In this context, KrakVet is free to choose structures which they consider to be most appropriate for their economic activities and for the purpose of limiting their tax burdens. As no evidence exists that KBGT did not carry out a genuine economic activity, the CJEU considers that the transactions cannot be classified as abusive.

New VAT rules for e-commerce 2021

Under the new VAT rules for e-commerce that were due to enter into force on 1st January 2021 (currently postponed to 1st July 2021 due to the Corona virus), the thresholds of the Distance Sales regime will be abolished. As a result, the supplier will have to pay VAT in the Member State of the consumer from the first distance sale, unless a simplification for small entrepreneurs applies. To alleviate the need for multiple VAT registrations across the EU, a “One Stop Shop” registration can be applied to declare and pay the VAT to the Member State where the VAT is due.

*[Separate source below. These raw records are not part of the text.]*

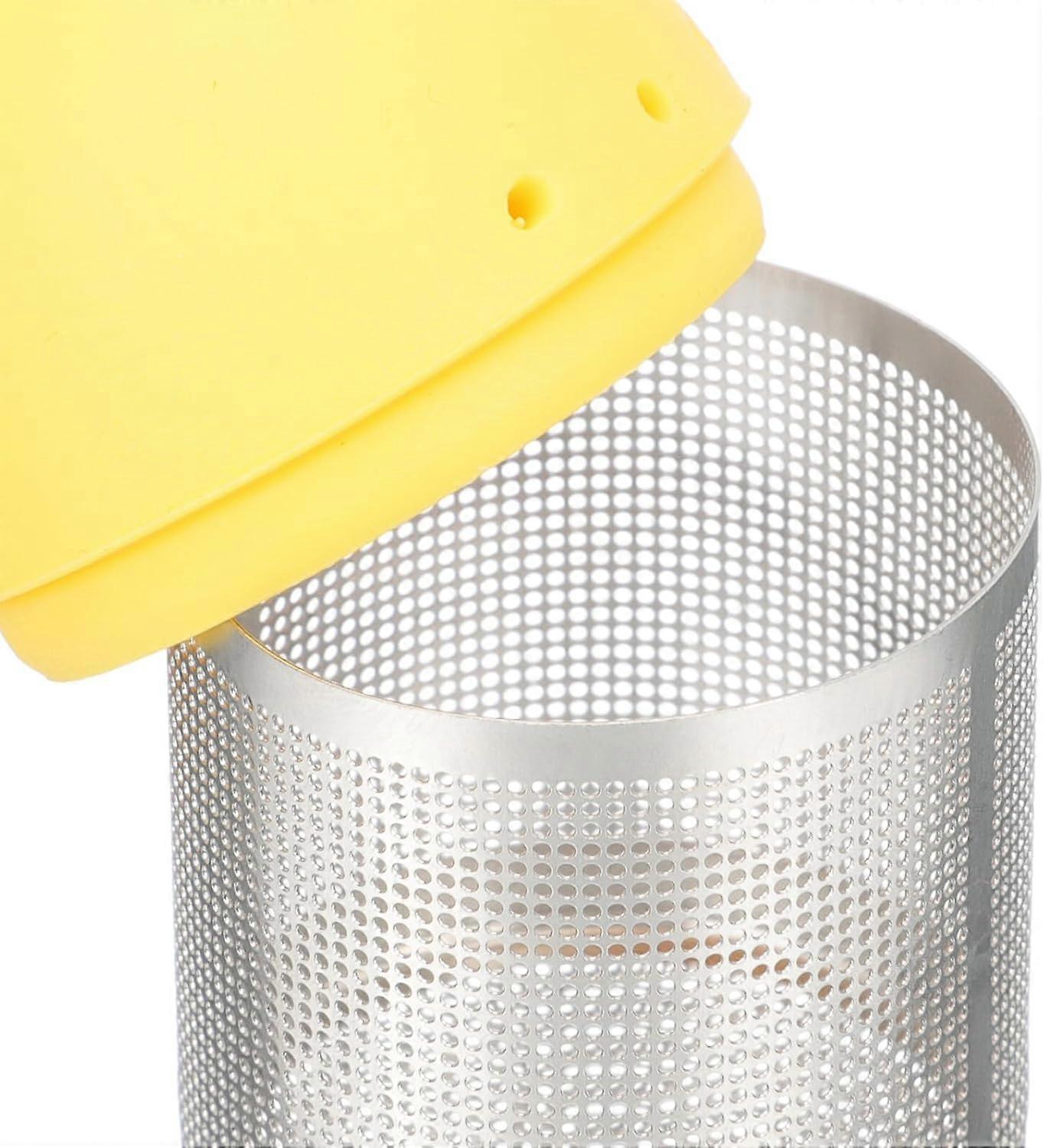 Pineapple Silicone Stainless Steel Tea Infuser with Fine Mesh Filter for Loose Leaf Brewing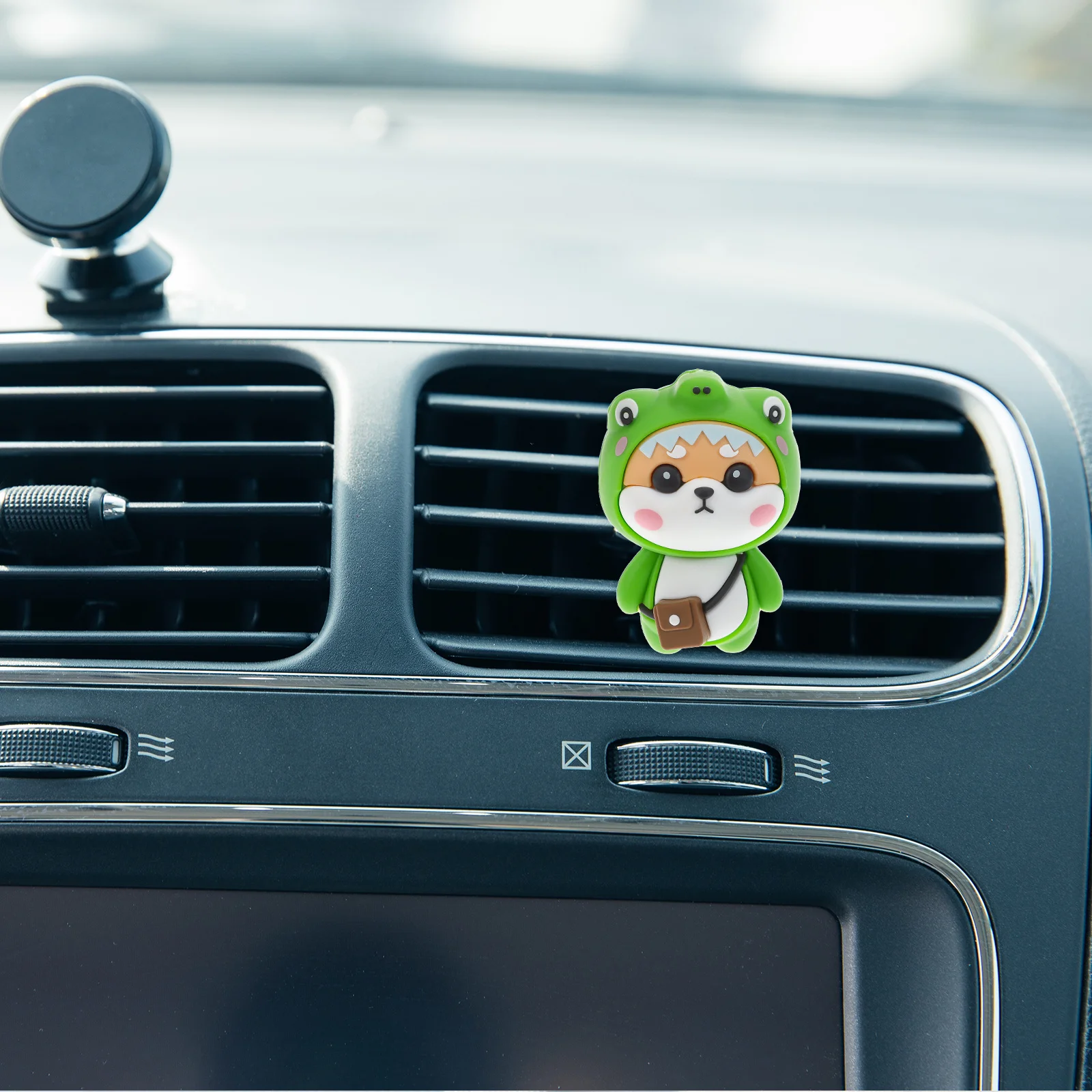 

Car Air Freshener Vent Clip Cartoon Dog Design Aromatherapy Fragrance Decoration For Car Home Office Driving Fatigue Relief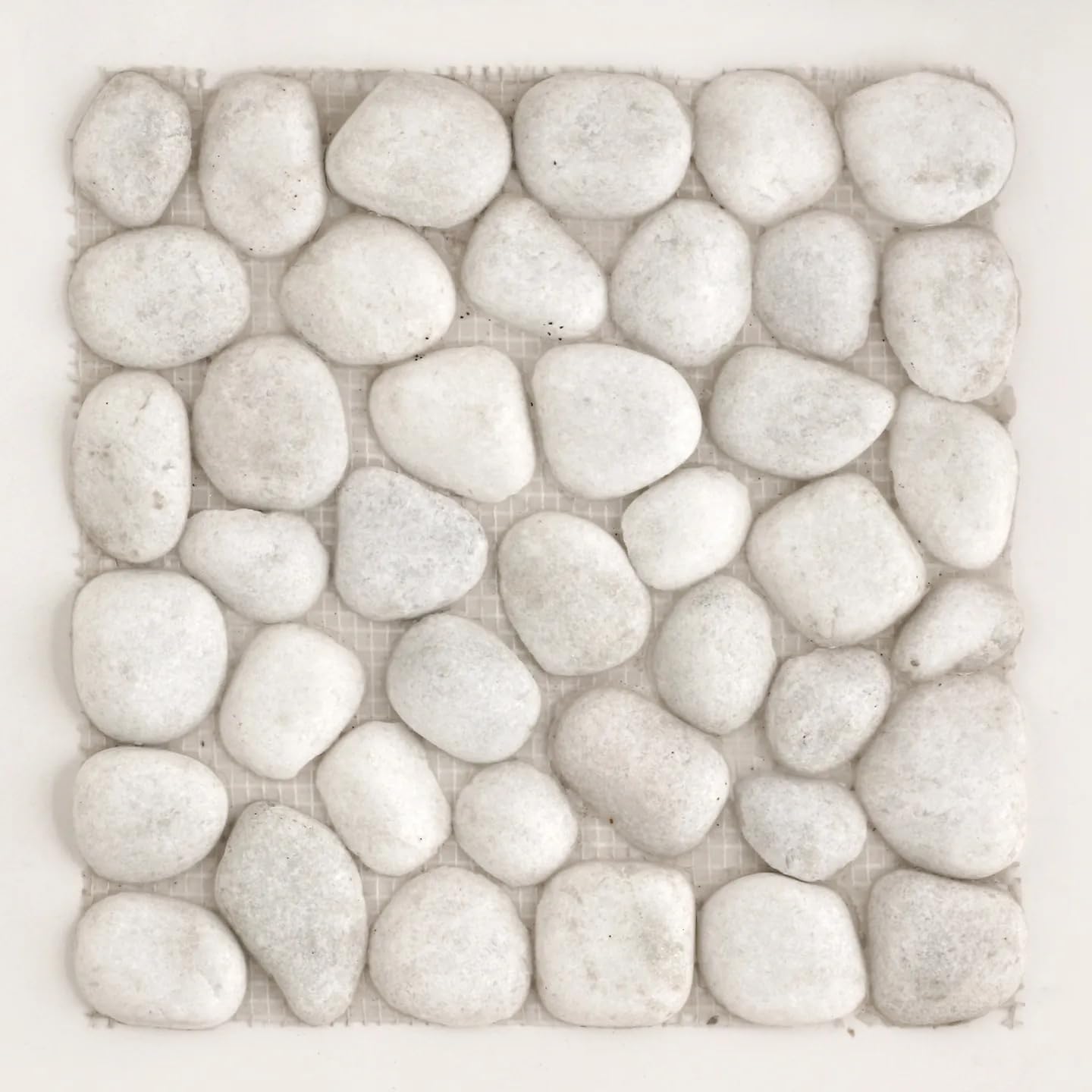 Stonestories Crystal White Pebble Marble Mosaic Tile for Wall Cladding and Flooring � 30 cm x 30 cm Tile-image-18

Also the scope of the Distance Sales regime of Article 33 will be extended under the 2021 VAT rules for e-commerce. The distance sales scheme will not only be applicable in cases where the goods are dispatched or transported by or on behalf of the supplier, but also when the supplier “intervenes indirectly in the transport or dispatch of the goods” (see paragraph 55 and 56 of the KrakVet-case). These new rules aim to prevent avoidance of the application of the Distance Sales rules by letting the private consumers conclude a transport agreement directly with the transporter, while the supplier is actually involved in arranging that agreement. Also in the view of the European Commission avoidance of the application of the Distance Sales rules by splitting the sales and transport contracts should be prevented.

To do

  • Suppliers selling goods to private consumers within the EU should review whether their sales could be impacted. This is particularly important for suppliers who act similar to KrakVet, as they could now fall within the Distance Sales regime.
  • Arrangements with marketplaces and the use of warehousing or fulfilment centers in secondary countries should also be reviewed, as these have the potential to create complex VAT situations. Although the One Stop Shop will be introduced in 2021, this judgement is still important for current and prior years.
  • The 2021 VAT rules for e-commerce will result in significant changes to the VAT treatment of sales by remote sellers. E-commerce businesses should therefore take preparatory actions to determine the impact on their business and to plan for any changes.
  • Current tax rulings should be reviewed, as they could be nullified if the same transaction is qualified differently by another EU country.